Access to ATV documents restricted
An ATV director who won court-ordered access to the broadcaster's operating documents earlier this month had his victory limited yesterday, when restrictions were slapped on his use of the documents.
Kevin Tsai Shao-chung may use the finance and operations documents only to discharge his duties as a member of ATV's board of directors, the Court of Appeal ruled.
The court imposed the condition after Asia Television applied for a delay of a Court of First Instance order on September 16 that it disclose its finance and operations documents to Tsai, pending an appeal against the lower court's ruling.
Yesterday, lawyers for ATV management argued that the restriction was necessary to prevent Tsai from supplying confidential information to his father, Taiwanese snack tycoon and ATV shareholder Tsai Eng-meng.

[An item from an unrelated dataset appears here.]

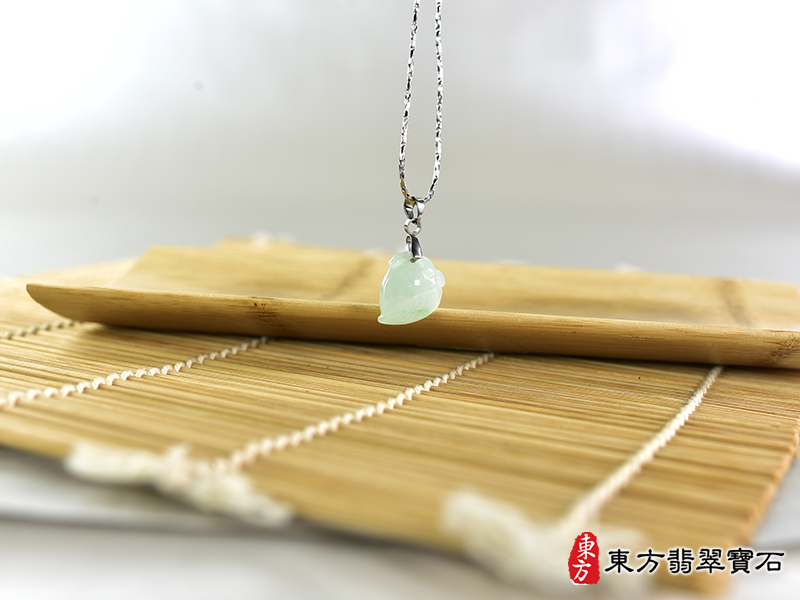 意境翡翠壽桃項鍊玉珮（福壽雙全：壽桃牌A貨翡翠壽桃玉珮、緬甸玉壽桃玉墜）。淺綠色糯種壽桃，FW328。客製化訂做各種翡翠壽桃吊墜玉珮項鍊。★附A貨翡翠雙證書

The elder Tsai, they said, might use the documents in a court fight against other shareholders over control of the station. Anson Wong, for ATV and its executive director James Shing Pan-yu, said: 'A lot of the company information had been used [by Tsai Eng-meng] for litigation between shareholders. The company wants to be neutral to these litigations.'
Wong said the trial judge had erred in his ruling that it was not improper for Tsai to pass the information on to owners of a company that owned shares of ATV.
Barrister Charles Manzoni, for Tsai, called the application a 'tactical ploy' used by ATV's major investor, Wong Ching, a relative of Shing.
'What Wong is trying to do is to keep his sole control of ATV for as long as he can,' Manzoni said. 'Mr Wong is trying to wrest the control from Mr Tsai.'
The Court of Appeal's Mr Justice Joseph Fok imposed the condition on Tsai after refusing to grant a stay of the order to release the documents to him.
Shing told a Legislative Council panel earlier this month that he was not the source of ATV's mistaken report about former president Jiang Zemin's death in July, and neither were Wong or senior vice-president Kwong Hoi-ying. He said the senior management had never interfered in the newsroom, and they respected the freedom of the press and editorial independence.